Members of the group, formally known as the LEAD Compact, wrapped up their work this week during two days of meetings in Keystone, with many of the concerns and differences that surfaced at the start last summer still on the table as the snow fell outside the conference room.

The key question that’s divided compact members has been whether teacher ratings given under the new educator evaluation system should be used as factors in license renewal.

The group voted Tuesday on a summary of its discussions (it can’t really be called a “proposal”). The document includes limited us of teacher evaluations, specifically if a teacher chose to move from a professional to a master license. Seeking a master license would be optional, so a teacher could remain at professional status for an entire career.

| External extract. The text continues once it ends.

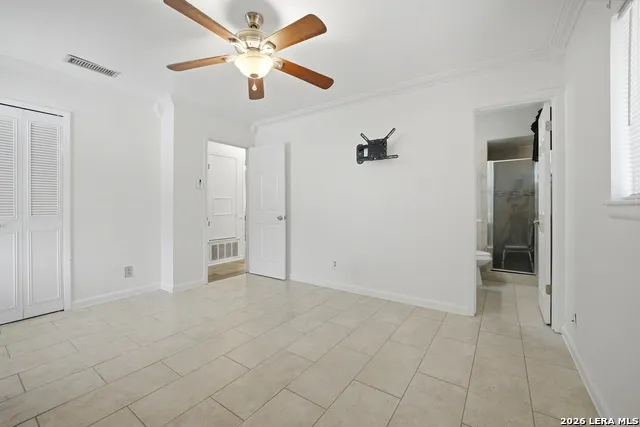 4423 Sun Vista San Antonio, TX 78217
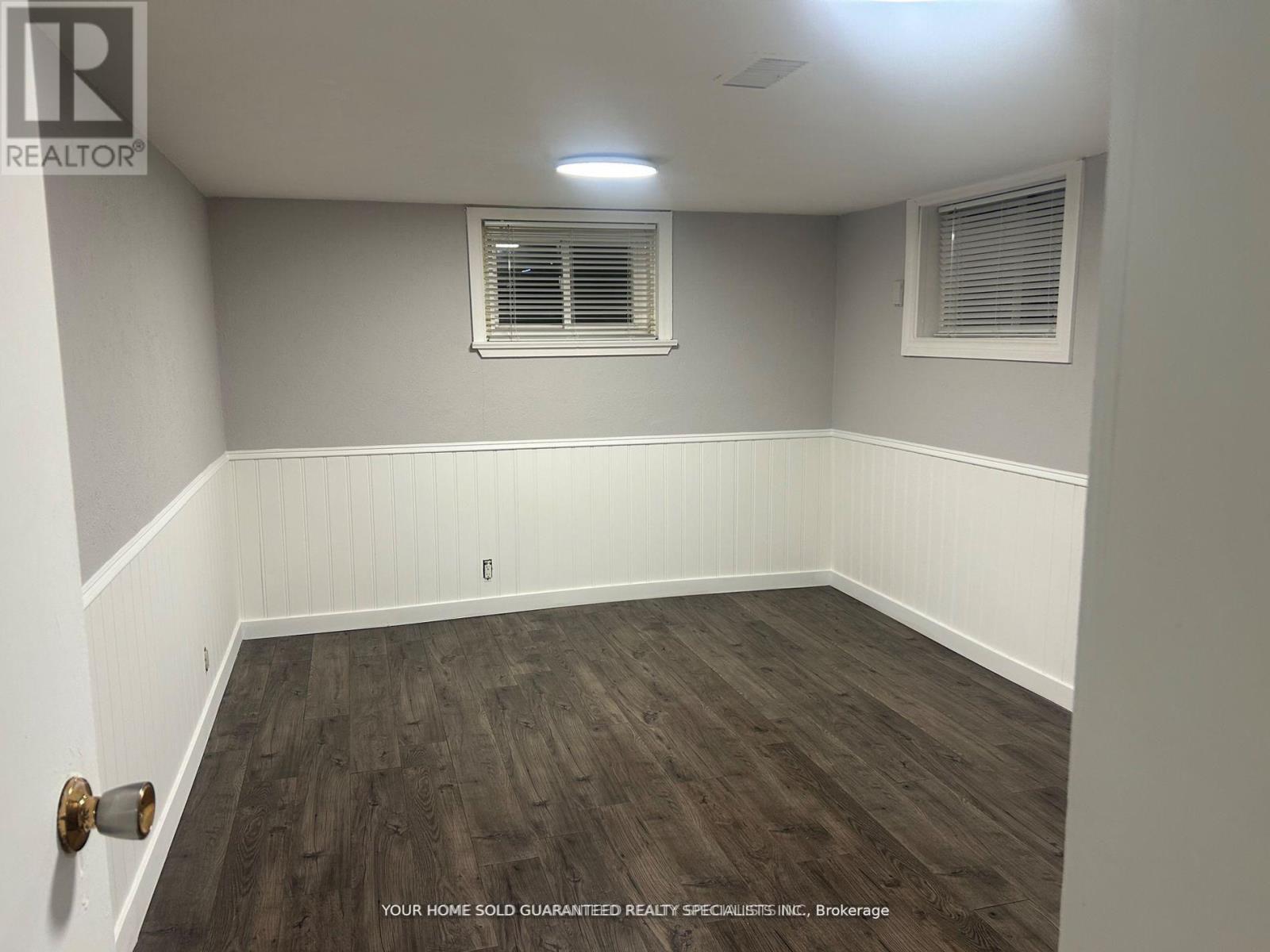 53 St Quentin Avenue, Toronto, Ontario  M1M 2M7 - Photo 2 - E12773618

Members (about two dozen of the 35 members attended the final meeting) signaled their views about sections of the document by raising colored paddles – green for agreement, yellow for basic agreement with questions or suggestions and red for unable to support.

On some of the more sensitive sections a third or more of paddles showed yellow or red.

The green-yellow-red exercise marked the end of a debate that’s been prolonged and that has stalled at times as members of the group struggled to reconcile opposing views about a variety of issues related to teacher preparation, support, professional development and licensing.

It wasn’t intended that the group come up with a concrete proposal for possible legislation. Rather, the panel was designed to be a forum for discussion on licensing after Sen. Mike Johnston, D-Denver, pulled the plug on a licensing bill he’d thought about introducing during the 2013 legislative session.

That draft, which included a link between license renewal and evaluation results, had sparked considerable anxiety in segments of the education community.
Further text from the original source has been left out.